Positioning skews overweight Greece, Kazakhstan and South Africa; underweight Turkey and Saudi Arabia. Sector-wise, Financials, Materials and Energy lead, with six banks and two miners in the top 10 holdings.
Market backdrop: volatile, but EMEA outperformed
EMEA markets were strong overall despite sharp swings tied to US trade policy gyrations. Gold hit records and supported South African miners. Oil stayed weak, weighing on Saudi equities. IPO activity cooled relative to prior years.

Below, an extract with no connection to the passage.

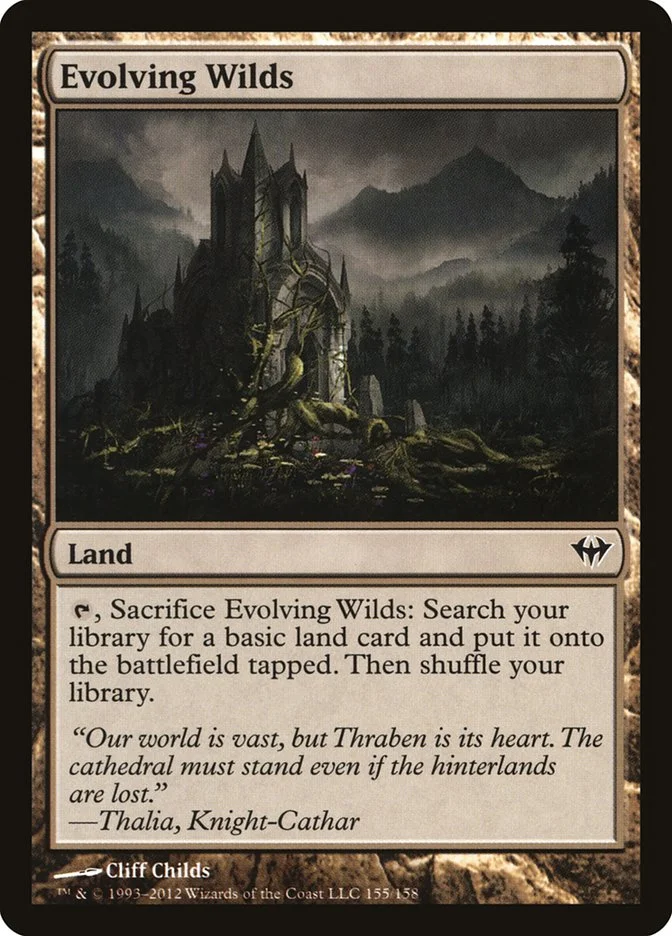 Evolving Wilds 「DKA/155」「EN」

Looking ahead, the managers expect portfolio EPS growth of 5-10% in 2026 (versus higher market consensus) and argue EMEA’s low correlation to “AI bubble” risks could be helpful if US mega-cap tech wobbles.
Key numbers at a glance
| NAV total return (FY to 31 Oct 2025) | +25.5% |
| Reference Index total return | +19.5% |
| Share price total return | +79.6% |
| Share price | 216.0p (31 Oct 2025); 246.0p (28 Jan 2026) |
| NAV per share | 65.3p |
| Premium to NAV | 230.8% (31 Oct 2025); 242.8% (28 Jan 2026) |
| Net assets | £26.4 million |
| Revenue EPS | 0.61p |
| Proposed dividend | 0.6p (ex-date 12 Feb 2026) |
| Ongoing charge (annualised) | 3.3% |
| Russian ‘S’ account balance | ~£54.2 million credited; £56.6 million incl. announced |
| Russian assets (written-down) | 5.7% of portfolio |
| VTB main claim status | $439.5 million upheld by court; not yet enforced |
My take: positives, pressure points, and the key swing factors
What’s working
- Outperformance is real and repeatable-looking, driven by stock selection rather than a one-off.

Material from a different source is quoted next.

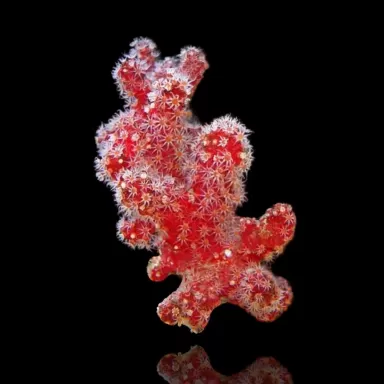 Nephthyigorgia sp Red Red Chilli Cactus Coral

- Income remains resilient; a covered dividend increase to 0.6p is sensible.
- Costs are moving in the right direction, and the fee structure excludes Russian assets.
What keeps me cautious
- The premium is extraordinary. It can unwind quickly and painfully if Russian recovery hopes fade or legal outcomes deteriorate.
- The Russian legal overhang is unresolved. Enforcement of the VTB ruling is a major risk with potential sub-custodian insolvency implications.
- ‘S’ account balances are large versus NAV, but they are not recognised and may never be received.
What to watch next
- Any movement on enforcement of the VTB $439.5 million claim and the status of other claims.
- Further clarity on Decree 8 protections and the long-trailed procedures under Decree 442.
- Portfolio EPS delivery against the managers’ 5-10% 2026 expectation.
- Commodity trends – especially gold and uranium – and bank earnings momentum across Greece/CEE.
- Premium behaviour – absent buybacks, sentiment will dominate the share price.
Bottom line
On fundamentals, JEMA executed well in 2025: a 6% beat versus the reference index, quality stock picking, and a modest dividend rise. On valuation, the share price sits on a tower of Russian optionality and legal unpredictability. If you’re in for the long haul, size your position to the risks, focus on NAV progress, and treat the share price premium as a fair-weather friend.